Leftovers for lunch the next day


  • Tbsp of sesame oil
  • one piece of frozen salmon (~6 oz)
  • 2 eggs
  • one cup uncooked oats
  • 3 Tbsp finely chopped onions
  • 1 Tbsp fresh rosemary
  • 1/3 cup milk
  • 4 Tbsp sesame seeds
  • garlic, salt and pepper to taste
Defrost and cut the salmon and onions into small pieces. Combine everything but the sesame oil in a mixing bowl. In a frying pan with a lid, spread the sesame oil around and turn on medium heat. When the oil starts bubbling grab a handful of the salmon goop, form a patty and slap it into the pan. Fill up the pan with several cakes and then cover. Cook for about 5-10 minutes until they start to brown. Uncover and flip. Cook uncovered until browned on the other side. 

I usually eat these with ketchup and serve with broccoli. Melting some mild white cheese on top can also be tasty. 

Makes about 5-6 cakes. ~30 min 

Jam tarts

A great dessert recipe for an empty pantry. ~1 hr
Even though my pictures are not very appetizing these are wonderfully delicious :)

  • 8 oz all purpose/plain flour
  • Pinch of salt
  • 4oz butter 
  • 2-3 tbsp cold water
  • Any fruit jam (or curd or I used thinly sliced cooked cinnamon apples)
  • A little extra butter for greasing

Mix the flour and salt separately. Cut the butter into small pieces and add to the flour mixture to form a dough using your hands or a food processor. Add just enough water to get the whole mix to stick together. 
The trick to making this dough is keeping it cold. So usually tossing everything into a food processor is the best way to go. However, for those of us without fancy kitchen appliances (that's me!) making this can require a bit more effort. 
 I've found the best way to do this by hand is to mash everything together until the butter chunks are not so blatantly obvious. It is fine to have some small bits in there because these pockets help make the dough flaky. Unfortunately you will notice an immediate problem after you complete this step: the dough is too warm to shape nice little tarts because it won't stop sticking to your hands. :p

So to overcome the sticky goo issue:
1. lightly grease a cutting board
2. press the dough onto the cutting board until it is about a cm or two thick
3. throw in the freezer for about fifteen minutes
4. take a flat broad knife, I use my santoku, to cut out a circle about 2 inches in diameter and scrape it off of the cutting board. I like to just leave the cutting board in the freezer and work with one tart at a time.
5. fold/knead the dough a few times! this creates the flaky layers=very important
6. At this point you can make a single tart out of this portion if the dough is not too sticky and forms shapes well. However, if it gives you problems, press it flat on the cutting board again in the freezer until it is cold enough to work with.

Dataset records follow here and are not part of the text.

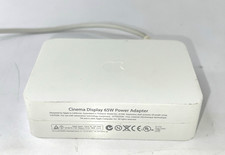 Apple genuine a1096 for sale  San Diego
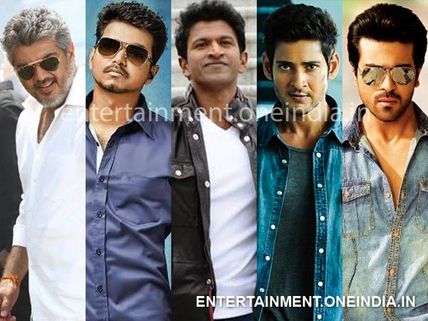 Will Ninnindale Affect Veeram, Jilla, 1 Nenokkadine, Yevadu?
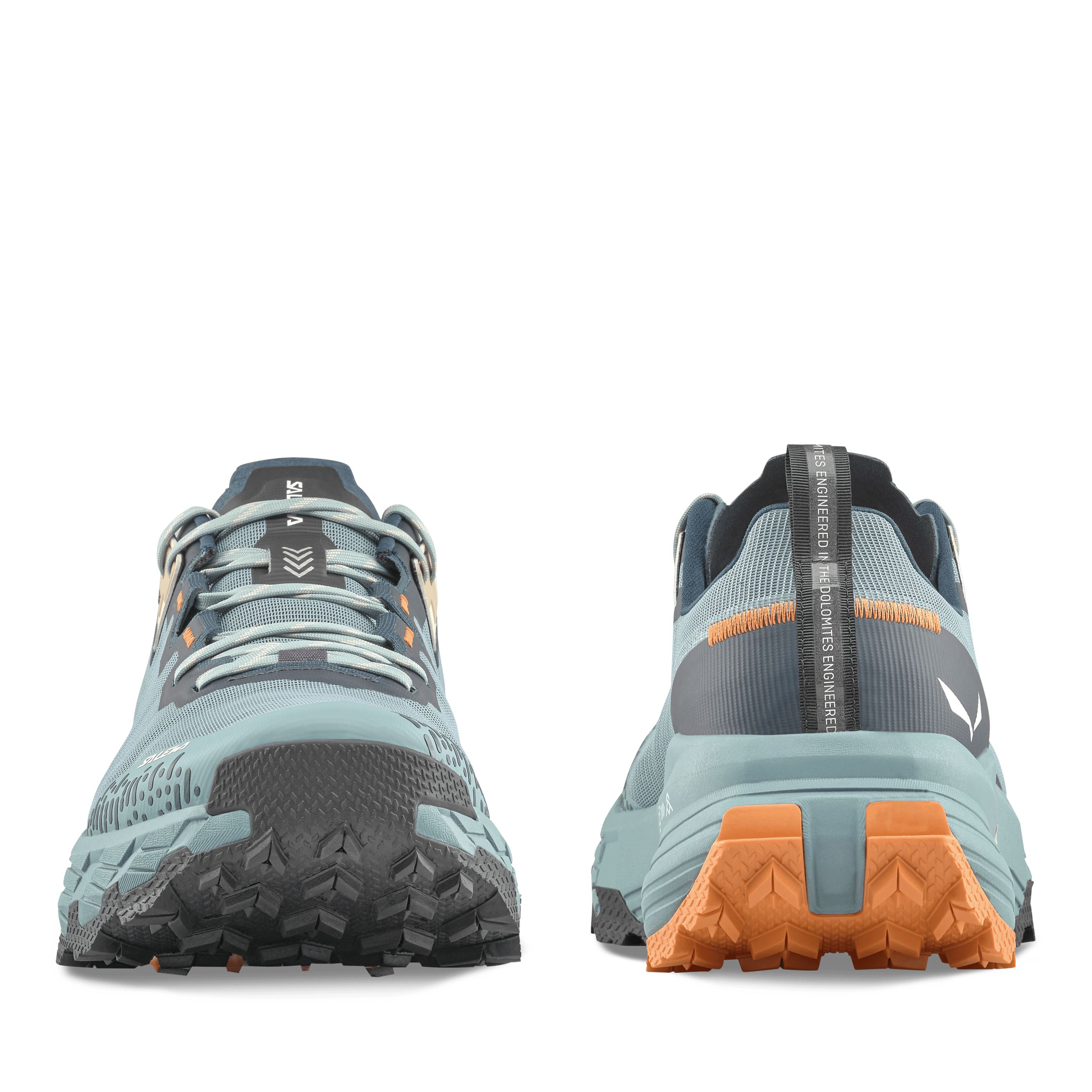 Pedroc 2 Max Chaussure Homme perspective_view image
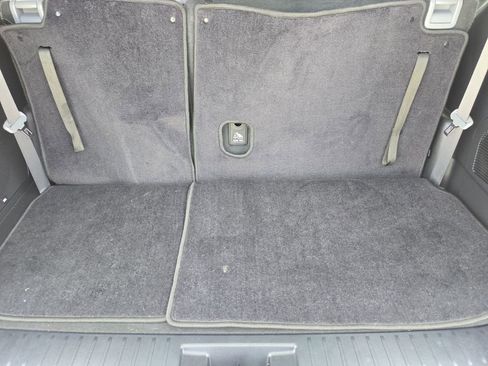 Used 2022 Toyota Highlander Platinum FWD image 35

Now go ahead and preheat the oven to 350. I like to wait until later to preheat the oven because the most time consuming part of this recipe is shaping all of the tarts. 

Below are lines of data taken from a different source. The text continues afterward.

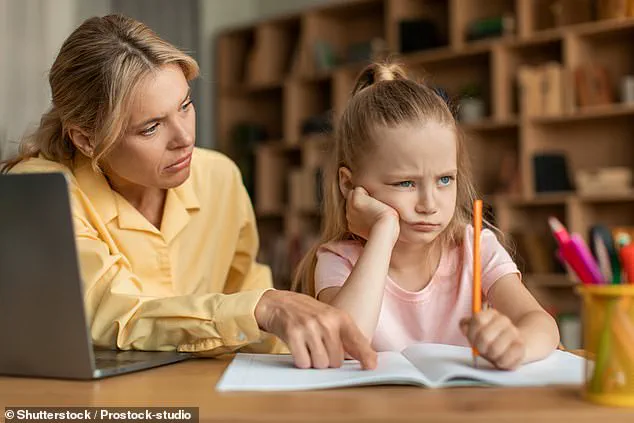 Exclusive Access: Decoding the Hidden World of Parenting Tribes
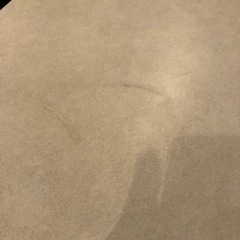 ホワイト石目調　テーブル　計9卓　２サイズ　店舗　居酒屋カフェバースナックキャバクララウンジ居酒屋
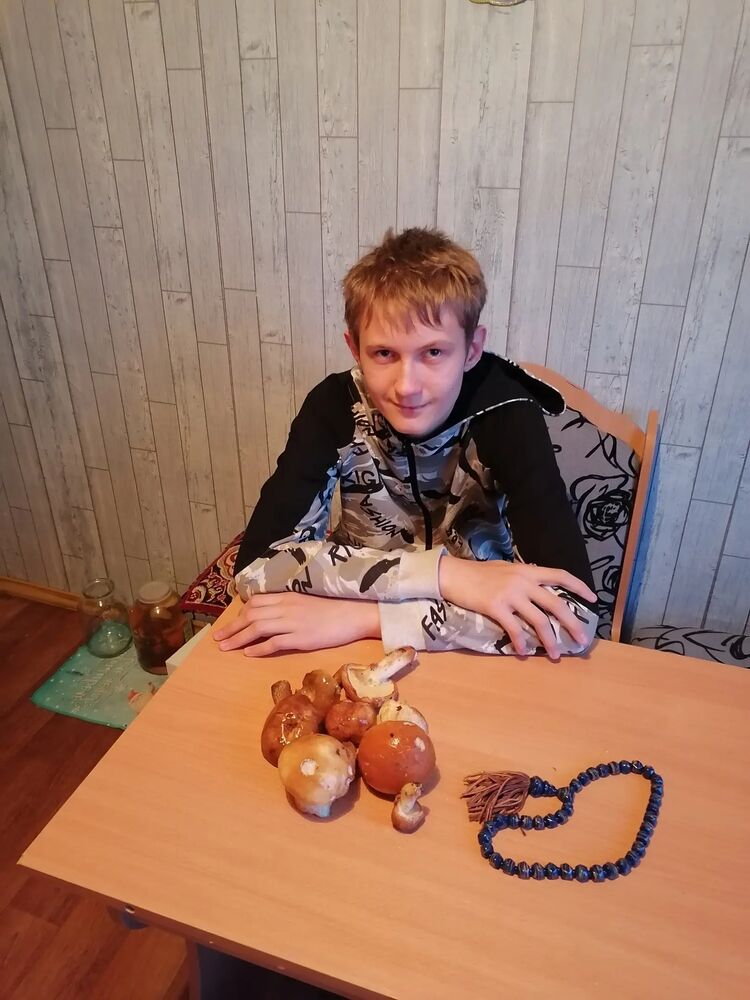 ���������� ������ ��������, ���� ����� ����, 25 ���, ������������ ��� ������, ����� � ���������, c�������� ���������, ���������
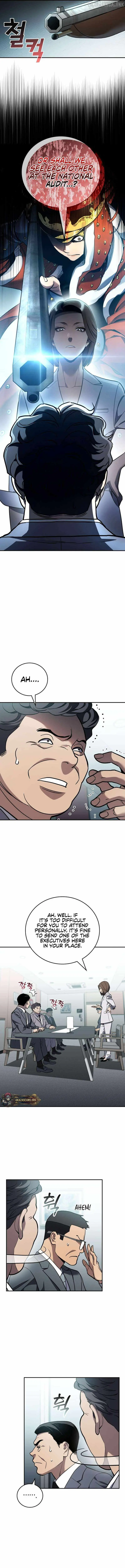 Fair Trade Commission Chapter 38 page 6 - 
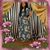 Medina Raquel's profile image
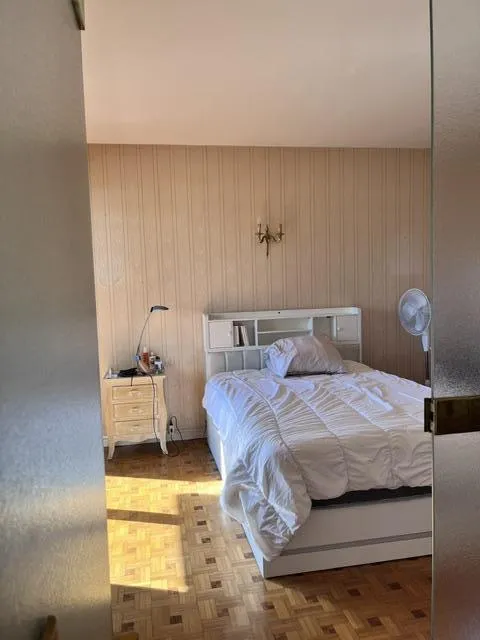 Location Marseille Chambre 6ad2364b7d86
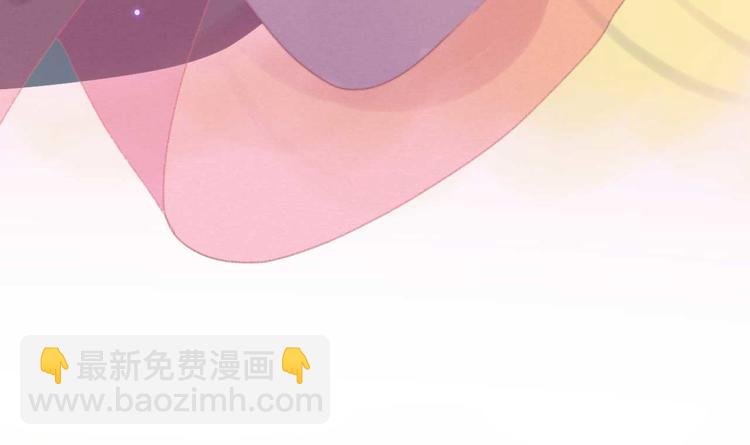 第29话 这面好吃吗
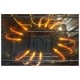 Whirlpool YWFES7030SZ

To form them I usually press them as flat as I can without tearing them (a few cm) and then roll the edges a little to form a lip to prevent jam spill-over.
Now fill (don't overfill them!) and cook for about 15-20 minutes. The edges of the cooked tarts won't brown very much, so give them a good poke to see if they are done. 

Makes about 20 tarts about 2 inches in diameter.